From strength to measurable impact
Downer wanted to ensure that their well-being program had impact and sustainability. It needed to meet business needs, support staff, and demonstrate value. MHFA training has ticked all these boxes. They have implemented rigorous monitoring and evaluation practices, and measured the program’s return on investment. This has included building in program metrics and annual surveys of their MHFAiders™ (staff trained or accredited in Mental Health First Aid). They also survey staff to gauge broader mental health issues, and to identify the benefits of mental health conversations.
“We have noted people are now more likely to raise mental health issues, which enables early reporting and positive support. We can do things like create warm referrals to our EAP. There is also a more open culture, and people are more likely to say ‘ Hey, I’m not doing so well,’ before it gets to a point of being unworkable, and where they put in a worker’s compensation claim,” says Natasha Palethorpe.

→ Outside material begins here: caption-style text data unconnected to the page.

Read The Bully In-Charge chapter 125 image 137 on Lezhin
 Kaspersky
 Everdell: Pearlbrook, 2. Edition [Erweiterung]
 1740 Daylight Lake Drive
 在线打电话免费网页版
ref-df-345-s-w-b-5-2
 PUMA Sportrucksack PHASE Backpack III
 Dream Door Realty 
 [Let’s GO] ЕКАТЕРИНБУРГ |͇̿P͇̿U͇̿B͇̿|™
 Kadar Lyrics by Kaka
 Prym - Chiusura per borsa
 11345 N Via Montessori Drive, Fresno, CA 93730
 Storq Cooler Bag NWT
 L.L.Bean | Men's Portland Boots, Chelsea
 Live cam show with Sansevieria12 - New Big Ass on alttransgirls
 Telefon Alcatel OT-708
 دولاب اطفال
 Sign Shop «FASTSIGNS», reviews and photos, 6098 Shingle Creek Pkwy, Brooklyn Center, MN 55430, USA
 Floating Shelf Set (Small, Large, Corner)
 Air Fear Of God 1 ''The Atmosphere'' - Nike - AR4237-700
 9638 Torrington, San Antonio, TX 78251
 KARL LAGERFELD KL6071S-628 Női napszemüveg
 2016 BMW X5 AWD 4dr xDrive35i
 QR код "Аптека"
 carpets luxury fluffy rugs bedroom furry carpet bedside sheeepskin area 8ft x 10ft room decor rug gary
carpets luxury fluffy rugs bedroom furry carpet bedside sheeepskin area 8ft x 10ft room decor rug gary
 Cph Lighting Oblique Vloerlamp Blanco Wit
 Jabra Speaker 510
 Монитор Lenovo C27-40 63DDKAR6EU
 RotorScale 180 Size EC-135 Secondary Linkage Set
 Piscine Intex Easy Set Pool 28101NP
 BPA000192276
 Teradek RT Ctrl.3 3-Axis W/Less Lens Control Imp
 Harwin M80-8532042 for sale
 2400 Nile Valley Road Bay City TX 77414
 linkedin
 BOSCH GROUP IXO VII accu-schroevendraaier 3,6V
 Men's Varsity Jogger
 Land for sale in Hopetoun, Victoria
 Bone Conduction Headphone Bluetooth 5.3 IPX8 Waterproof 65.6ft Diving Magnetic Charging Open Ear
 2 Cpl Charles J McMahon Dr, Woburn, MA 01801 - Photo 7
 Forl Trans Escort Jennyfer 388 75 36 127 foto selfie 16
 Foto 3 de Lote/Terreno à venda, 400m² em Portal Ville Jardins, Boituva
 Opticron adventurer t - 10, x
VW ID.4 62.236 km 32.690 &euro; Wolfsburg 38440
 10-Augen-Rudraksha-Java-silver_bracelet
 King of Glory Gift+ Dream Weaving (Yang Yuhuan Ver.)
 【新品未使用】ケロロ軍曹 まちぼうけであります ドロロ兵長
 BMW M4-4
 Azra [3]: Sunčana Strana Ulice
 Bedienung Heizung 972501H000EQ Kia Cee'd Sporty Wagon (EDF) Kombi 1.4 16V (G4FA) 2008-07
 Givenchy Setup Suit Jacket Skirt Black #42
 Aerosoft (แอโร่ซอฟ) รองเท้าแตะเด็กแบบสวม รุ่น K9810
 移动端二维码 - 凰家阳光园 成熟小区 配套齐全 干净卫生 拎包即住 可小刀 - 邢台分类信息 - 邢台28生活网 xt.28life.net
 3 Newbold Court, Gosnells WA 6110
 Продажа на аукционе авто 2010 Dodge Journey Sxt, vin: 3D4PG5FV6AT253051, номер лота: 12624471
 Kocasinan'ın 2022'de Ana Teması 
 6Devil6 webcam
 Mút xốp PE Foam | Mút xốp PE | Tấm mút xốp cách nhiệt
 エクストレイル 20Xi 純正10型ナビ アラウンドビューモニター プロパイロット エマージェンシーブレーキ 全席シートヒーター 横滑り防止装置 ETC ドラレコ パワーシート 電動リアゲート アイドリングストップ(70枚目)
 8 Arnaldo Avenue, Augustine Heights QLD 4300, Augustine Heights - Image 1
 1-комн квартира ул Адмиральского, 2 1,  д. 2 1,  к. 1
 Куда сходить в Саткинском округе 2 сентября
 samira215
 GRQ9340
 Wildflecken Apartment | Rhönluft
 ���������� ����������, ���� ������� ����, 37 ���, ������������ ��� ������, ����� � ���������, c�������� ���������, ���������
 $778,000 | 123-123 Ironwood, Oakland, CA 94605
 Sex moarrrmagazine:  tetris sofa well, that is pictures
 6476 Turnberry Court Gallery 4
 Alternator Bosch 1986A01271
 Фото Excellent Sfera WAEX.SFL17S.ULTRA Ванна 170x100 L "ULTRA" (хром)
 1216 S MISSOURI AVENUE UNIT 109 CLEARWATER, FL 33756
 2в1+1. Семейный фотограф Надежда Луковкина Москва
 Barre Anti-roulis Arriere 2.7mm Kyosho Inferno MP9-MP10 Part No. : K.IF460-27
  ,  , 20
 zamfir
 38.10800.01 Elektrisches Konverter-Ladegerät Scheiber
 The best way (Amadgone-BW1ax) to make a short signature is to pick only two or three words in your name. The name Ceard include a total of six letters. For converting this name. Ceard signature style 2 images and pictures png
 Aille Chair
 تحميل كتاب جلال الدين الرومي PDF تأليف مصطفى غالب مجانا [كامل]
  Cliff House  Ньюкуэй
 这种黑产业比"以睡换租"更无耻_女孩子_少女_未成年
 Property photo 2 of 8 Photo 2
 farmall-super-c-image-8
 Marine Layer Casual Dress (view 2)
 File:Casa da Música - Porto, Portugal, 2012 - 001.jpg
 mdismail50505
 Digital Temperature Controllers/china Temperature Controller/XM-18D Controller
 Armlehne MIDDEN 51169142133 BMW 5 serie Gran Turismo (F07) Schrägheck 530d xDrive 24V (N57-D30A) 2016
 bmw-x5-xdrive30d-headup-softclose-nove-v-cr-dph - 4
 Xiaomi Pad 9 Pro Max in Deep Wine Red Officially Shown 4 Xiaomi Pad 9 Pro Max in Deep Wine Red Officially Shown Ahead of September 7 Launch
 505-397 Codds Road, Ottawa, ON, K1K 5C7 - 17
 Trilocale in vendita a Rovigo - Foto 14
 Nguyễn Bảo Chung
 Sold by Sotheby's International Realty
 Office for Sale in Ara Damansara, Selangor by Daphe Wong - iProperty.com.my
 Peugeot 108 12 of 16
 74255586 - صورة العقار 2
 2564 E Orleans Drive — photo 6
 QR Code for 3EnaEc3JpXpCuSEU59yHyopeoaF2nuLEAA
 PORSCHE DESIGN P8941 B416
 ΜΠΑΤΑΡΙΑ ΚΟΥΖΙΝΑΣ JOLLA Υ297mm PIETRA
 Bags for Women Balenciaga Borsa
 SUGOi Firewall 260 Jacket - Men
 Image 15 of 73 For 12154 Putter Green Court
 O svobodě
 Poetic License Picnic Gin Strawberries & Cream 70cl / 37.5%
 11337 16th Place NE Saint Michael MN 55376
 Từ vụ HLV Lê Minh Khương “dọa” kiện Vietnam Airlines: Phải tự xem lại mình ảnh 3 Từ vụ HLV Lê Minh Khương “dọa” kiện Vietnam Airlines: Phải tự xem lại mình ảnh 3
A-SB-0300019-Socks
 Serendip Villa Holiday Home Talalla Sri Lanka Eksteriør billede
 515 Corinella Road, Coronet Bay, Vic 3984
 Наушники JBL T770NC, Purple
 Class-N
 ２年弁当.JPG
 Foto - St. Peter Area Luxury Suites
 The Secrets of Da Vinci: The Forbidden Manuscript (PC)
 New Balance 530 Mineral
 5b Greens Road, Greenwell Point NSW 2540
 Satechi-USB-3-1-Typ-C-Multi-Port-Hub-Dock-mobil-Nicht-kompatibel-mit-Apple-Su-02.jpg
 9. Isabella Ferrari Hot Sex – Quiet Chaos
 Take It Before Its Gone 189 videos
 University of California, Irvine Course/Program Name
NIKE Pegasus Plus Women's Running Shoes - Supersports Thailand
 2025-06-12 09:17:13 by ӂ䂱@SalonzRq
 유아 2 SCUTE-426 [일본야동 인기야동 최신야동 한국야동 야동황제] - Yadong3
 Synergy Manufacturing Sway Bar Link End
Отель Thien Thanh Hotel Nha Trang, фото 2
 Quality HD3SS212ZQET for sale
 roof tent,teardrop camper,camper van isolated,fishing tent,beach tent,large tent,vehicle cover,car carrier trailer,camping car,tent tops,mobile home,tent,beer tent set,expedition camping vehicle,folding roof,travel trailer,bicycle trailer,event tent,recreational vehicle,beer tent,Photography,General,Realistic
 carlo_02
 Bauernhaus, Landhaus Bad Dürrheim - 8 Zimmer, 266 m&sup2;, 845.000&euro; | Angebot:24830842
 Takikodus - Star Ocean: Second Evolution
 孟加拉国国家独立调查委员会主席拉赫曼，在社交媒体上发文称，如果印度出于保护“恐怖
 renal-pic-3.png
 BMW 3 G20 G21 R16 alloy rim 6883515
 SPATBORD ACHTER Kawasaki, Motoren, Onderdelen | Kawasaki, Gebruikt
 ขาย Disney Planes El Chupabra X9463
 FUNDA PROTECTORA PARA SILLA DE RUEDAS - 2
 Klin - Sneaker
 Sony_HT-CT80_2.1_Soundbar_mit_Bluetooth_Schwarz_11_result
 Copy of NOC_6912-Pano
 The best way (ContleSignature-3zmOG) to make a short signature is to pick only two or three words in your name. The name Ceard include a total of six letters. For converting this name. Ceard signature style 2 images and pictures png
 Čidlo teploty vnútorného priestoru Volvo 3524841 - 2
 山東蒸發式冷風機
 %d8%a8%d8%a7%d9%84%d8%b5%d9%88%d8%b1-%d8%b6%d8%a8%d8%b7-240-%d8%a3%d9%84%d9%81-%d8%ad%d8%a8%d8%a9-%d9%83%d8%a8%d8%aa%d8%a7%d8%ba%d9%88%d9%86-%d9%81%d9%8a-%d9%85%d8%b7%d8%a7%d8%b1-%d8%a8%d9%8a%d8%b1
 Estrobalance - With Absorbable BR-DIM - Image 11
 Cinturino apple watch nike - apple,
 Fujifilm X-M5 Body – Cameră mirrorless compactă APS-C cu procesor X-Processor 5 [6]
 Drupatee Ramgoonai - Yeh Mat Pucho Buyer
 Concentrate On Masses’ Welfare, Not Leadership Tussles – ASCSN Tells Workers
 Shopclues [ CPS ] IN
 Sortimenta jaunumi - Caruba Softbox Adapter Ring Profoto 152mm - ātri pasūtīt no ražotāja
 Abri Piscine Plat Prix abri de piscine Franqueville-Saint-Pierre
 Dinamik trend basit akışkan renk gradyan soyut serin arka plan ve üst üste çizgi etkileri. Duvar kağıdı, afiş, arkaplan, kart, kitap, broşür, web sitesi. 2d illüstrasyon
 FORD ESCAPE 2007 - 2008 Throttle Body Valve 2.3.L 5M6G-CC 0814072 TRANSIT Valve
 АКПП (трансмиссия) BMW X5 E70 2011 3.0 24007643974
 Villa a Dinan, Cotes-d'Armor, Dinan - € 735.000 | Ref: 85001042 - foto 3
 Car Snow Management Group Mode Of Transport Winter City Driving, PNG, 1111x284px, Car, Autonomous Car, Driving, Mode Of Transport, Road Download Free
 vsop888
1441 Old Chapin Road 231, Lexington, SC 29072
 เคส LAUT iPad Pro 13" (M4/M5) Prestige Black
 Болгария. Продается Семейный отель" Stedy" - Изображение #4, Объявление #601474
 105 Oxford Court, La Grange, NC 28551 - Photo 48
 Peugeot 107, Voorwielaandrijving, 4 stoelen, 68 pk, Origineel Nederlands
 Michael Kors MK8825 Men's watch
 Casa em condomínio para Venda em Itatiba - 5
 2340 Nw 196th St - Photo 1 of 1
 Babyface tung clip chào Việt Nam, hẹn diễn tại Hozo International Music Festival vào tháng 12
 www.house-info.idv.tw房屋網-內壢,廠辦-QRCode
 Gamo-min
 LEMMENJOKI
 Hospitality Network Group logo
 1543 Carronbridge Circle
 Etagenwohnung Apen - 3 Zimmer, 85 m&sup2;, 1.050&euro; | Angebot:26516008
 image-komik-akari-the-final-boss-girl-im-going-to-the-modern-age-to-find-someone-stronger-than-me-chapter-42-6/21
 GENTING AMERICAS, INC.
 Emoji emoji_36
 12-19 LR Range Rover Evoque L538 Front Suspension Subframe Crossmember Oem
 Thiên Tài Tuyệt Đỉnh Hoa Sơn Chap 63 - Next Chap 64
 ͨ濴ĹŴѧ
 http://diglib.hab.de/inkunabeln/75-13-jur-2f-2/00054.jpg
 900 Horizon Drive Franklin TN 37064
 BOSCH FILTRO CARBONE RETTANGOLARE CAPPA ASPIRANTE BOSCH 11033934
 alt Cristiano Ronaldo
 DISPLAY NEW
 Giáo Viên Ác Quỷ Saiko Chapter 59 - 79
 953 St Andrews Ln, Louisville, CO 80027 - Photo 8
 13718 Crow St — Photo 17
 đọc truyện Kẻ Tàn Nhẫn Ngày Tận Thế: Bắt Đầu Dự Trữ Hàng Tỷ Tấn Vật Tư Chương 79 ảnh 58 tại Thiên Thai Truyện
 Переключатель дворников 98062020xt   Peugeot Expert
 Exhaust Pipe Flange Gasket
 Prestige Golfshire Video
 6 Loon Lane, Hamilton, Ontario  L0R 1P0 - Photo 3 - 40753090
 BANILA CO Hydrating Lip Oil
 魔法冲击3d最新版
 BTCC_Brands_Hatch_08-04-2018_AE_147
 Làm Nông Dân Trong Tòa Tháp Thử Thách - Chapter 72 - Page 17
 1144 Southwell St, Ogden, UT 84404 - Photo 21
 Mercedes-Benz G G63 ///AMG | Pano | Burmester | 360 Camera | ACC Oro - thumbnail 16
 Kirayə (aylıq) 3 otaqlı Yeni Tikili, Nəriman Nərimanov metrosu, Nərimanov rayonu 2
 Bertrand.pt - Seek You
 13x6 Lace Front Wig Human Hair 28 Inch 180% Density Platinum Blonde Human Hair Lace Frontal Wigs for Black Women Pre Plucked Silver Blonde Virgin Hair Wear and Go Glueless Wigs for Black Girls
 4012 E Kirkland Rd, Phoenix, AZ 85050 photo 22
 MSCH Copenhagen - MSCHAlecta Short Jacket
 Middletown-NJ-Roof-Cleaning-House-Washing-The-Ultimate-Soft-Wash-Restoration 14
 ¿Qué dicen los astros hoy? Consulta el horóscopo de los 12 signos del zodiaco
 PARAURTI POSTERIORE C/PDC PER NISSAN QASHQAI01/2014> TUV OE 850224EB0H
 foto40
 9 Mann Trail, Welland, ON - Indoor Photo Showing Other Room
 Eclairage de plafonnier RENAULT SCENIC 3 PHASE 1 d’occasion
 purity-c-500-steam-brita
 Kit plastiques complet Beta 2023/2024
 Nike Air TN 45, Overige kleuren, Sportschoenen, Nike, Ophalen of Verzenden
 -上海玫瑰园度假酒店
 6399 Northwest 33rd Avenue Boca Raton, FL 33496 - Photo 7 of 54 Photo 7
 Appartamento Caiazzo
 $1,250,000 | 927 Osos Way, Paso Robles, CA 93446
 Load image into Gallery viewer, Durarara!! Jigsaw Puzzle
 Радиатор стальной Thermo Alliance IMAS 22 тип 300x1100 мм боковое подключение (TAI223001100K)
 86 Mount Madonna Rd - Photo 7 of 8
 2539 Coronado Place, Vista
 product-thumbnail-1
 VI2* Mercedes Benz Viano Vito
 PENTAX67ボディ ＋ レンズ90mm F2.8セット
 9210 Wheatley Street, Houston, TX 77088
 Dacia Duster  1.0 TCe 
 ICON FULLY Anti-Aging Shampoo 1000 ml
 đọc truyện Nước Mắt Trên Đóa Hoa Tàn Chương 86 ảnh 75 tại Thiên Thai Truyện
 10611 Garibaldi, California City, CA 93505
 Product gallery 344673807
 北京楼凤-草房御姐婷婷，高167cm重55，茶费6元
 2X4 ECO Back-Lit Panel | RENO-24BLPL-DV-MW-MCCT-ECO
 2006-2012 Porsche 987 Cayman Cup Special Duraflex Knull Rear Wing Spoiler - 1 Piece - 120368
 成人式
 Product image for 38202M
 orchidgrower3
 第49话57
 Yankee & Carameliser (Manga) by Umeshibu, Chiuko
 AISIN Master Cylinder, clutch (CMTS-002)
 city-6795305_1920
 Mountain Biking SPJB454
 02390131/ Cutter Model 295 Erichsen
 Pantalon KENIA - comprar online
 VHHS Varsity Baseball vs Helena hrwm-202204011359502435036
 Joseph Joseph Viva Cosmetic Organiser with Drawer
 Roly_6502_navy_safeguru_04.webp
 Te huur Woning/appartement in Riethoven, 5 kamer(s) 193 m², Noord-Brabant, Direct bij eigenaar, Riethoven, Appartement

The organisation now has a highly active network of over 2,000 MHFAiders who are encouraged to remain connected, engaged, and are offered opportunities to refresh their knowledge and upskill. They have also implemented a program called “Protect” – an internal resilience-based course for emerging leaders who have completed the MHFA course. Participants are encouraged to expand on their skills and embed well-being principles in line with best practice.
“Once we got up over the 5% of staff trained mark, our MHFAiders were reporting far less crisis interventions on the ground. They are able to intervene early, use the resources available to them, and generate referral pathways for staff who are struggling with their mental health.” says Natasha.
Some of the initiatives and practices that have enabled MHFA training to be embedded into Long-term culture and practice at Downer include:
- Appointing dedicated staff (registered allied health professionals) to lead well-being initiatives and spearhead mental health first aid. This now includes 3 Master Instructors within the organisation.
- Ensuring that mental health first aid is integrated into the company’s induction, leadership courses, HR practices, annual safety focus and other learning and development courses.
- Appointing MHFA Officers (now totalling 2,500) across different businesses and divisions as skilled, go-to champions for peer-to-peer support.
- Utilising accessible, professionally developed Mental Health First Aid Australia resources to avoid duplication, save time and cost.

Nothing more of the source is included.